Parched Alberta and Saskatchewan finally got some rain this past week, but too late for many farmers whose crops have failed, or never made it into the ground. Meanwhile, below-average temperatures have much of Central and Eastern Canada (frost warnings in July) wondering what ever happened to summer. And the long-term forecasts aren’t any better. An el niño is building in the Pacific, say scientists, a sure indication of more wacky weather to come. During the last big one in 1997-’98, California experienced torrential downpours, Australia and Brazil baked under extreme heat waves, and the African continent was either under water, or dry as a bone. It all begs the question, when was the weather ever good?

Party poopers
Female ski-jumpers lost their bid to be included at the Vancouver 2010 Games when a B.C. court ruled that it doesn’t have the jurisdiction to tell the International Olympic Committee to join the 21st century. Recently unveiled security plans will see designated “free speech” protest zones—just like Beijing!—and the installation of 900 closed-circuit TV cameras.
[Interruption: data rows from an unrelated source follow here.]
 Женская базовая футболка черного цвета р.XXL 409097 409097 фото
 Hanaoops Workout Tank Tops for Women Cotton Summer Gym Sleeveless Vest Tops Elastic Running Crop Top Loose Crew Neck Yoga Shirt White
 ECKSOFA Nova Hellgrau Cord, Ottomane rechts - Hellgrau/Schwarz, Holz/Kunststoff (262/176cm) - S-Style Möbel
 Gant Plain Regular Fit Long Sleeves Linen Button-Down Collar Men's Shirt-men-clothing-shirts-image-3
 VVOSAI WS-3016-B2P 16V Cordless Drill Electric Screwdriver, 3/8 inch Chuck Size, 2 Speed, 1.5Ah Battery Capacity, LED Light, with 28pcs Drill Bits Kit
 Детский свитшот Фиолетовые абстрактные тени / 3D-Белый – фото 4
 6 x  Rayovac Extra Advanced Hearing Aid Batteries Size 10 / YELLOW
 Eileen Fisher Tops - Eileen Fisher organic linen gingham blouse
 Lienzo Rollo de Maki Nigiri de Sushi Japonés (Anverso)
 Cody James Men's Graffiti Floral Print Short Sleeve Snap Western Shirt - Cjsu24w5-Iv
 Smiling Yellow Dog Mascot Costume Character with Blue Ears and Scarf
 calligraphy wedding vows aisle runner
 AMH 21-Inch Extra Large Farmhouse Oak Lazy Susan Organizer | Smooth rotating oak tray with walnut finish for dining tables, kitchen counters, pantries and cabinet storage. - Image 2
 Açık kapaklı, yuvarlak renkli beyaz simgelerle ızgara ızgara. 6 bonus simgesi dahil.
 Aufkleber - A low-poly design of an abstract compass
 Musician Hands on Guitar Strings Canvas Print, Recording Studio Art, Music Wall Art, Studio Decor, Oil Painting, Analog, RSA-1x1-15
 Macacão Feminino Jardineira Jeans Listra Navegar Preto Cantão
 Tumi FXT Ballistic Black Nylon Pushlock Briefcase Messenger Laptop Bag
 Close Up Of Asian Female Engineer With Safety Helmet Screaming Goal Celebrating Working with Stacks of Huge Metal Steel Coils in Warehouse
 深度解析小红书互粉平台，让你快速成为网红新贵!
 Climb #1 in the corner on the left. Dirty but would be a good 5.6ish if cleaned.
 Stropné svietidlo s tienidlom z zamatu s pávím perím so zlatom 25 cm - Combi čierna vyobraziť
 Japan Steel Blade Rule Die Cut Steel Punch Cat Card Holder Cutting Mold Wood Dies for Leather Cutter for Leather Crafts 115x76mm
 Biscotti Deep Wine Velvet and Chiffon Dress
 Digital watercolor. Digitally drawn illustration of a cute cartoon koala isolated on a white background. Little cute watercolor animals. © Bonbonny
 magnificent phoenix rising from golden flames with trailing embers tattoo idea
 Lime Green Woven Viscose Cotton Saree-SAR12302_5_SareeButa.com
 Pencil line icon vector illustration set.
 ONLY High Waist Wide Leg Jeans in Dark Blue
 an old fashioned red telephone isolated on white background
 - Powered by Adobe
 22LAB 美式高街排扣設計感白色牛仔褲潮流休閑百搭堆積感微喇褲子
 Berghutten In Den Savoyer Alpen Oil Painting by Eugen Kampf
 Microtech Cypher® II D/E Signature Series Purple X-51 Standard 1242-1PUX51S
Residents of Whistler are starting to get peevish about Olympic-related tax hikes and ever more costly plans. And Ottawa has returned more than 1,000 tickets to organizers as part of government austerity measures. Is it just us, or is the party starting to sound a little lame?

Cruel Britannia
An act of kindness ended up being a royal pain for Queen Elizabeth II. When the skies opened up during one of her summer garden parties last week, the Queen invited 60 soaked members of the public to take shelter in her personal tent. But it seems that the great unwashed repaid the courtesy by making off with several pieces of antique silverware, and cups and saucers from her majesty’s prize collection. Where were the corgis when all this was happening?